6 Tips to Get Moving After Work

It's 5 p.m. Monday, and as you drive away from the office, visions of nap time, happy hour, or your favorite shows dance about in your head. The last thing you want to do is throw on some workout gear and "sweat it out" at the gym.

Exercise to maintain a healthy physique is obviously the main reason we get off the couch. Workouts to enhance our mental fitness is just as, if not more important, especially during the long winter months.

Here a six ways to stay motivated and up the physical activity, even when a relaxing night cuddled up with hot tea and a blanket are calling your name:

  1. Put on Your Gym Clothes Right After Work.
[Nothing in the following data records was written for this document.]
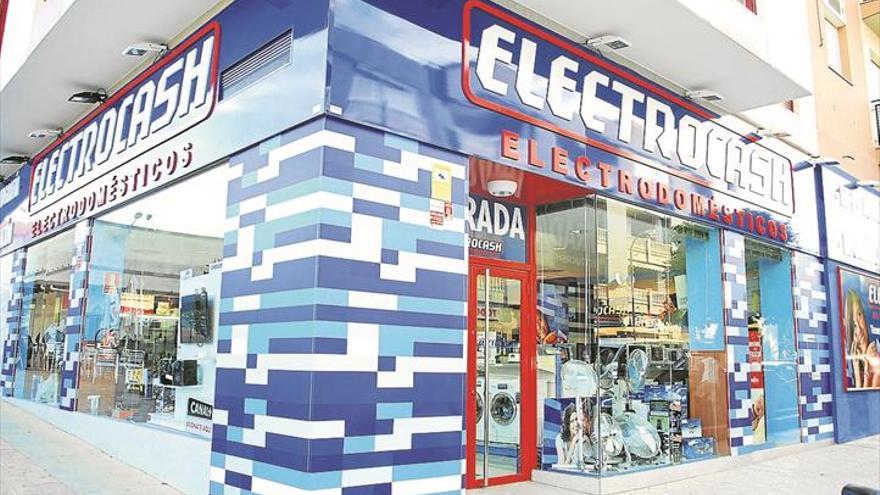 Cinco nuevos establecimientos de Electrocash abren este verano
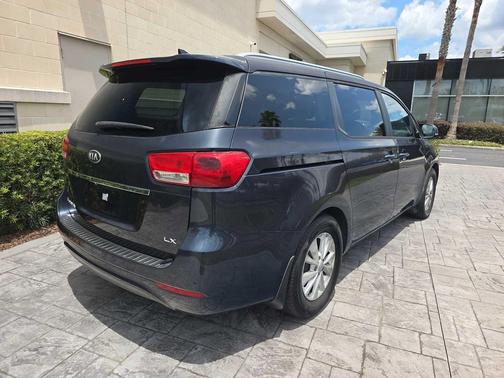 Midnight Sapphire Pearl Metallic 2016 Kia Sedona LX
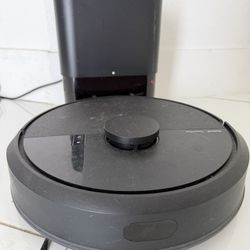 iRobot - Roomba 105 Combo Vacuum And mop
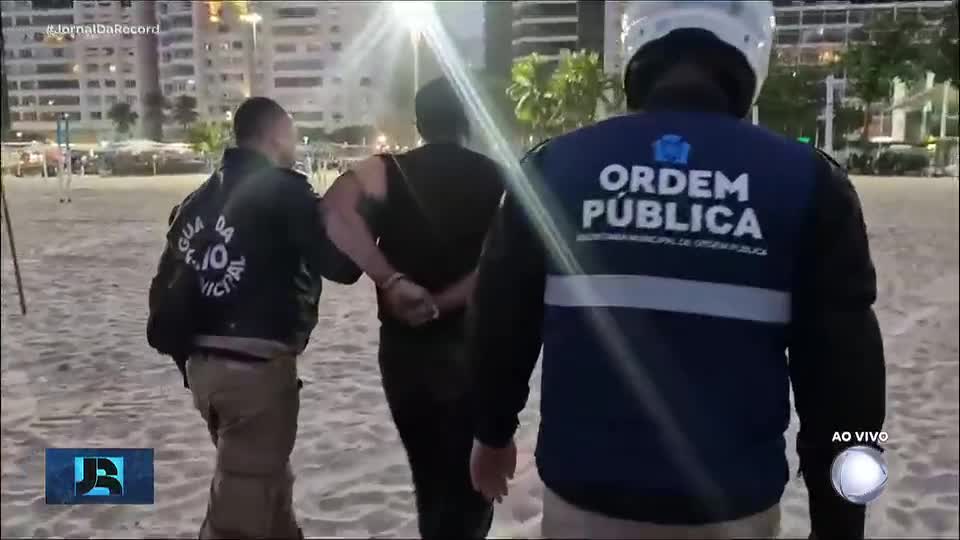 Vendedor é preso após aplicar golpe da maquininha em turista e cobrar R$ 1 mil por biquíni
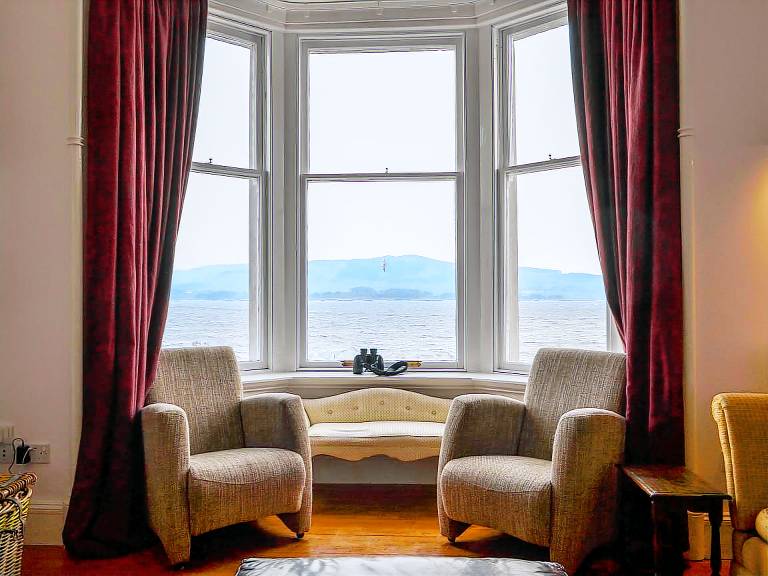 Cottage Port Bannatyne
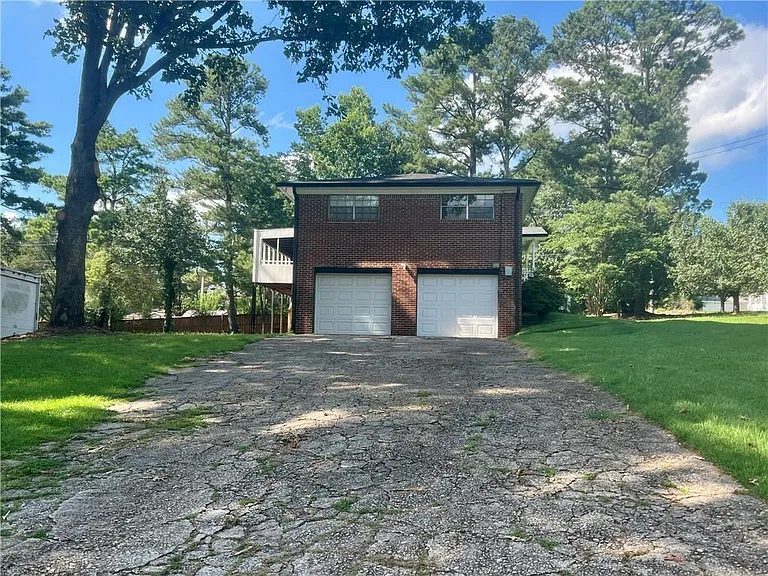 6695 Courtney Dr — Photo 18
Lacing up your gym shoes and changing into the workout gear as soon as you get home will keep you from getting too comfy on the couch. Also, it doesn't hurt to buy fashionable exercise clothes. No one wants to put a cute outfit to waste.
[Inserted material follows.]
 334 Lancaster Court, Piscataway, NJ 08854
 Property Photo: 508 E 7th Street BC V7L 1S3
  2. Set Aside a Pre-Workout Snack. There's nothing worse than stepping through your front door feeling ravenous and doing major damage in the kitchen. If I fill up too much, I feel lethargic and would much rather take a nap than go for a run on a full stomach. Setting aside a light snack will curb hunger and fuel the body enough to crank out an intense cardio or strength training session.
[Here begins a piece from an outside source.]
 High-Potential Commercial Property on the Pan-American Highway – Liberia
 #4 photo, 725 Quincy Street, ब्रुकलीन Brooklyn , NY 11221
  3. Take Advantage of Online Resources. The Internet is full of cardio and strength training workouts, and better yet, most don't involve any equipment. Print out a workout routine and hang it on your garage door, or stick it on your refrigerator to remind yourself that you have a structured exercise regimen waiting to be tackled.
  4. Eat a Good Lunch. A balanced lunch is the perfect way to stay energized and focused into the early evening hours. If you're hitting the gym immediately after work, self.com suggests this nutrient-packed meal: One cup of whole-wheat penne with 4 oz. grilled chicken breast, tomato sauce, a sprinkle of Parmesan, broccoli and sliced zucchini.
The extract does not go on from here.